The Ashland City Council approved a plan last Tuesday to extend water and sewer lines beyond the urban growth boundary to the site of a proposed rest area near Exit 19 and the Oak Knoll neighborhood.
The plan includes a welcome center, as well as the rest area, to be built close to Exit 19 in Ashland. The plan has been in the works since 1997, and the city council finally approved the extensions, but with conditions.
The water and sewer services will only be provided if the welcome center is built. Representatives from Travel Oregon, which is responsible for the center’s construction and operation, say the funding for the welcome center is budgeted, but members of the city council say that the funds are an uncertainty. The rest area will be built by the Oregon Department of Transportation, which has the money available.
Many residents from the Oak Knoll neighborhood spoke out against the plan on Tuesday, voicing concerns about crime and the possibility of an increase in accidents near the rest area.
The council has given ODOT and Travel Oregon four years to complete the project.
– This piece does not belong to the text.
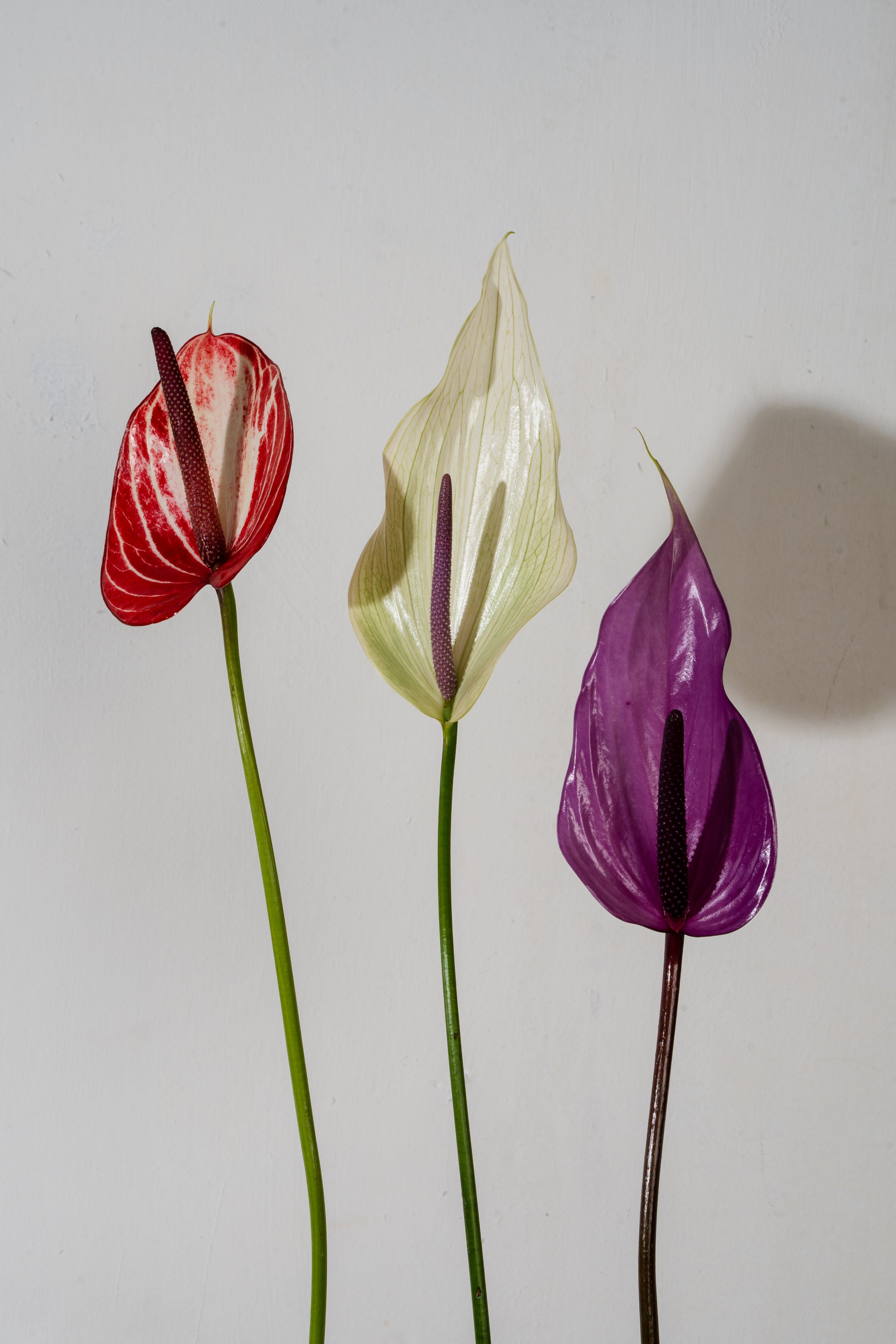 Anthuriums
If it is not completed in that time, the agreement for the water and sewer extensions will be void.
The council was divided on the issue, with some members speaking out against the project.
“This is a travesty,” said councilmember and Southern Oregon University professor Carol Voisin.
Councilmember Greg Lemhouse also voiced his opposition to the agreement. “It bothers me that we’re going down this road,” he said.
The final vote was tied, which forced Mayor John Stromberg to give the deciding vote.
The final votes of approval were Stromberg, Michael Morris, Russ Silbiger and Dennis Slattery. The opposing voters were Greg Lemhouse, Carol Voisin and David Chapman.